9. Discuss the characteristics of a
qualitative research design. Name and discuss at least two designs from this worldview or viewpoint. Why would you decide
to use this worldview or research methodology (instead of quantitative)?
The purpose of qualitative research
is to develop concepts that will sensitize readers to cultures, describe multiple realities and interpretations, develop grounded
theory, and develop an understanding of the perspectives of the actors and of that particular setting. Qualitative research designs are general in nature, evolving throughout the study and remaining flexible
to allow for change. They are used as a “hunch” as to how to proceed. The data gathered in qualitative designs are descriptive and deal with qualities. They may consist of field notes, artifacts, people’s own words, personal documents,
or official documents. Qualitative data are extensive and difficult to manage. The study group is small and may be non-representative of the larger group. Sometimes researchers stratify their participant selection in order to sample people with different roles
or statuses in the community. The investigator usually has intense contact with
participants over an extended period of time. Methods used include observation,
participant observation, reviewing documents and artifacts, open-ended interviewing, coding, searches for patterns, pattern
matching, and narrative and displays for portrayal of data. You might use this worldview over quantitative because there are
several problems that can arise with quantitative. These include the researchers
having trouble controlling the variables, the study’s validity may be called into question, obtusiveness of the investigator
and data collection methods, and the readers may be tempted to reify the topic variables.

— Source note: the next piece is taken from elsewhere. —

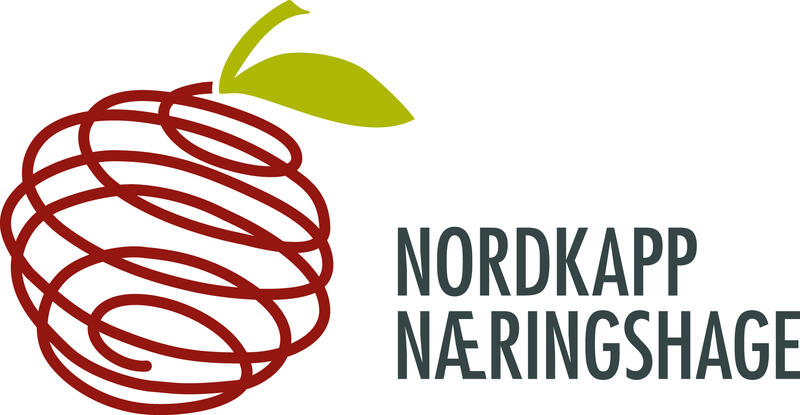 NordkappNH_Logo_2linjer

One design is the ethnographic research design. Ethnography deals with describing culture or aspects of culture.
The goal is to share the meanings that the participants take for granted and then to depict their new recontexualized
understanding for outsiders. Its writing is described as thick description. Another design is the historical research design.

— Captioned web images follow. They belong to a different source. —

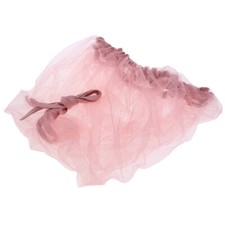 Safety Mosquito Net For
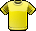 FC Sheriff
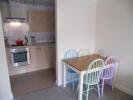 Louer Appartement CHIPPENHAM rgion SWINDON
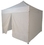 Custom Pop Up Canopy Tent Lightweight Wall Set (10'x10'), Price/piece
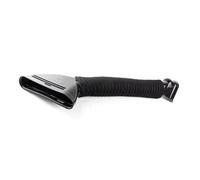 Snorkel For Benz ML350 GLS350 GL350 GL500 ML300 Car Air Cleaner Intake Duct Hose OE 6420948797 6420946897 6420948897 6420946797 Air Intake Hose(A6420948797)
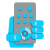 Control remoto icon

This design focus’ on a particular organization’s development. The
task would be to trace how and for what reason the organization came into being, what events and changes have happened, and
what it would be like if it closed.
10. Your instructor has stated that
??the best positivistic (quantitative) studies often arise from a relativist study or (qualitative) framework of inquiry.?
Discuss advantages and disadvantages of qualitative and quantitative research designs. If you had it to do over, would
you change the methodology you used in your study?
An advantage of qualitative designs
is that the groups are small with issues that are typically judged from an insider’s point of view. Also, one of the strengths of qualitative research is that the focus on naturally occurring, or ordinary
events in natural settings gives us a good handle on what “real life” is like for the participants in the study. Qualitative data places an emphasis on people’s lived experience and are thus
well suited for identifying and locating the meanings people place on events, processes, and structures of their lives. However, there are some disadvantages of the qualitative study. These problems include the nonstandardization of procedures, the difficulty of managing large amounts of
data and data reduction methods, and the difficulty of using naturalistic methods to study a large population. Quantitative designs are more practical when it comes to human subject research. Those who feel great satisfaction from tangible, countable data would like quantitative designs. There is an obvious end point to the data analysis and they like the certainty of knowing when they are
done. There are also some disadvantages of quantitative study. These include
the researchers having trouble controlling the variables, the study’s validity may be called into question, obtusiveness
of the investigator and data collection methods, and the readers may be tempted to reify the topic variables. I would not change the methodology in my study. I simply would
not have time to try a qualitative design. Also, I feel the quantitative design
fit my topic better (I like showing proof through numbers).